The board organizing the conference on Neural Information Processing Systems – one of the world’s most noted events for researchers working on artificial intelligence – has changed the acronym used for the event’s name after attendees complained that the name contributed to an atmosphere of sexism.
The event attended by machine learning researchers and statisticians has been a major recruiting ground for companies and labs working on AI. For the past 30 years, the conference has been called NIPS – which is both a slur against Japanese people, and a sexualized term for women’s nipples. Following the complaints, it has been renamed to NeurIPS.
Triggers that led to name change
The misconduct and sexism in the conference gained prominence after some attendees were reportedly discomforted that a female contortionist was hired to perform at a private party held by a conference sponsor.
Gizmodo reported that the issue gained prominence mainly after attendees complained that last year’s conference was preceded by an unofficial pre-conference named ‘TITS.’
Kristian Lum, a data scientist who attended the conference last year, also reported in her blog post that a band that comprised of famous machine learning researchers performing at the closing party made jokes about sexual assault. Writing about the sexist academics, she further noted:
I was completely unsurprised to learn that a person involved in making the troubling comments is a well-respected academic who is widely known to behave inappropriately at conferences.
Initial resistance to name change
The board that runs the conference initially refused to change the name from NIPS, and noted that it focused “on more tangible steps to promote inclusion and diversity.” In an open letter published last month, it reported:
Following several well-publicized incidents of insensitivity at past conferences, and our acknowledgement of other less-publicized incidents, we conducted community polls requesting alternative names, rating the existing and alternative names, and soliciting additional comments.
After extensive discussions, the NIPS Board has decided not to change the name of the conference for now. The poll itself did not yield a clear consensus on a name change or a well-regarded alternative name.
But after many vocal critics led a social media campaign with #ProtestNIPS and a Change.org petition signed nearly 2,000 times, the board seems to have sought compromise.

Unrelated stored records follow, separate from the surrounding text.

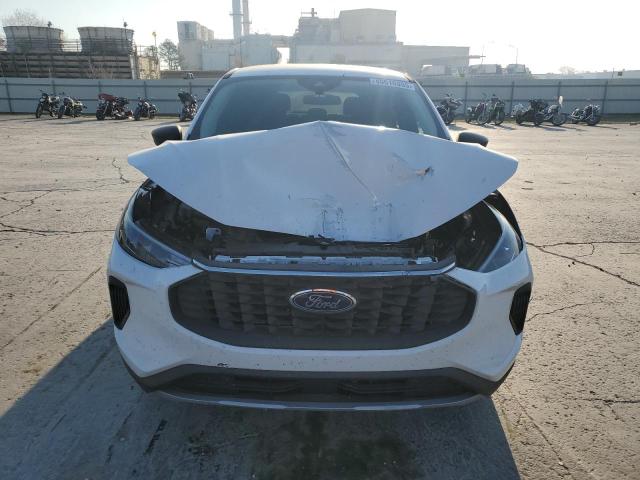 2024 FORD ESCAPE ACT - 1FMCU9GN6RUB26758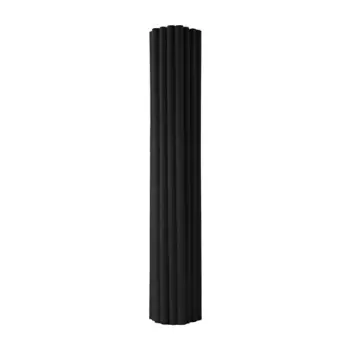 VENEW Палочки для диффузора фибровые черные 30.0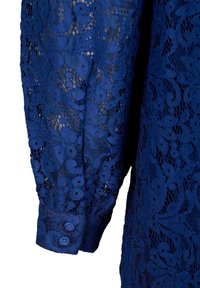 Zizzi Dnevna obleka - estate blue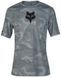 Джерси FOX RANGER TRU DRI JERSEY [Cloud Grey], M 32366-276-M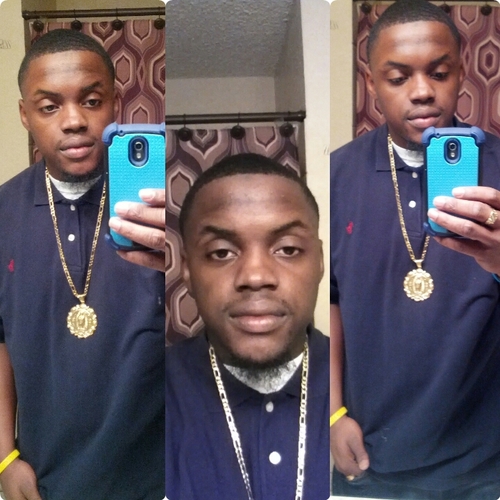 Ea$t Ft.Worth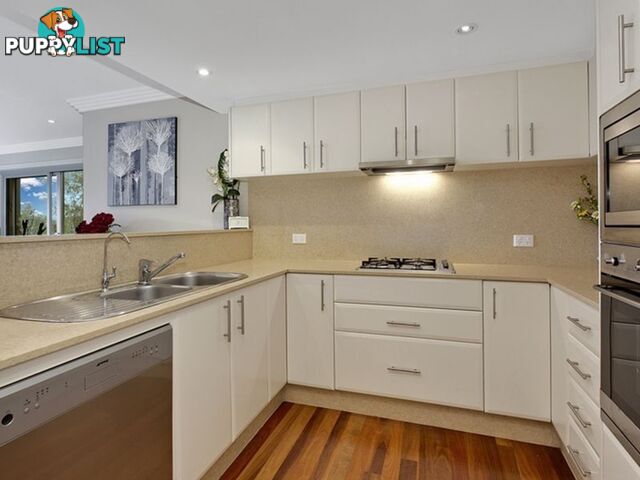 3/1819-1823 Pittwater Road MONA VALE NSW 2103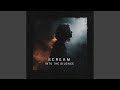 Scream Into the Silence
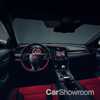 2017 Honda Civic Type R
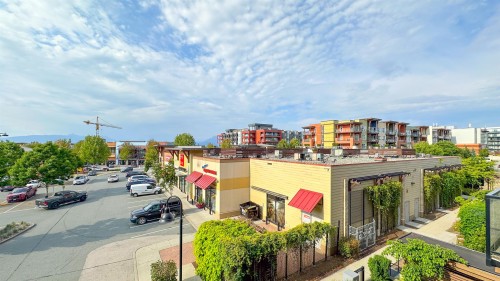 317-20673 78 Avenue, Langley, BC 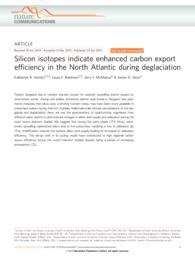thumnail for ncomms4107.pdf
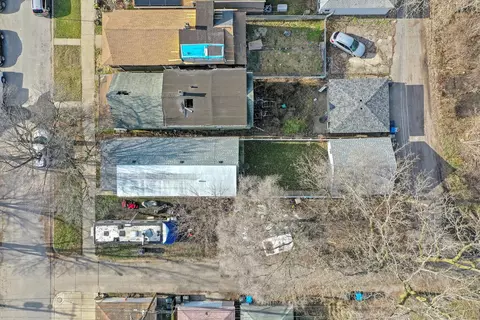 Other - 914 E 92nd Pl, Chicago, IL 60619 photo 13 of 13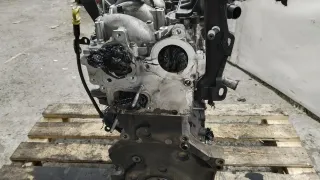  Двигатель Land Rover Freelander 2 2.2л TDi Арт 26940_2000001298864, вид 12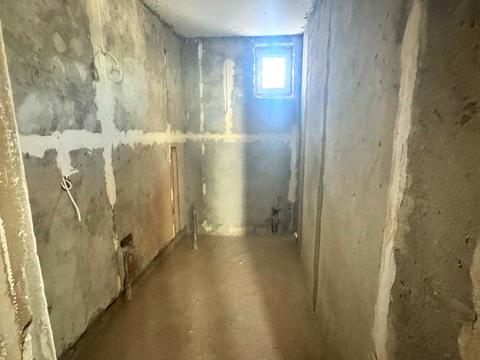 квартира за адресою Базарна вул., 8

Startup withdraws sponsorship from the world's highest profile AI conference amid furore over its name: NIPS. Background: https://t.co/EYeWw8UTAl #protestNIPS https://t.co/ynG5PSieEm
— Tom Simonite (@tsimonite) November 1, 2018
I cannot understand why they don't just change the name. It seems like the only argument against it is "I don't want to modify my behavior even slightly even though it makes others very uncomfortable." #ProtestNIPS https://t.co/mqCeOrsCse
— Jon Kaufman (@JPKscience) October 25, 2018
It was only on November 16 that the board conceded to a name change to NeurIPS:
Something remarkable has happened in our community. The name NeurIPS has sprung up organically as an alternative acronym, and we’re delighted to see it being adopted. Indeed, one forward-thinking member of the community purchased neurips.com and described the site’s purpose as “…host[ing] the conference content under a different acronym… until the board catches up.”
We’ve caught up! We were considering alternative acronyms when the community support for NeurIPS became apparent. We ask all attendees this year to respect this solution from the community and to use the new acronym in order that the conference focus can be on science and ideas.
Success was not easy
Thank you everyone for your overwhelming support for #protestNIPS I wish we could have started with a clean slate and done away with problematic legacy, but this is a compromise. I hope we can all continue to work towards better inclusion in #ml https://t.co/izWOVOMwXD
— Anima Anandkumar (@AnimaAnandkumar) November 17, 2018
Anima Anandkumar, a Caltech professor and director of machine learning research at Nvidia who started the Change.org petition, told Gizmodo that she was subject to trolling and harassment on social media when she pushed for the name change. She added that senior male members of the AI research community instructed female researchers working with them not to sign the petition.
While tech conferences, in general, still have miles to go to make platforms more inclusive and harassment-free, it’s good to see that activists were able to positively influence the NeurIPS conference. Hopefully, others will learn from this and address the issues plaguing their events.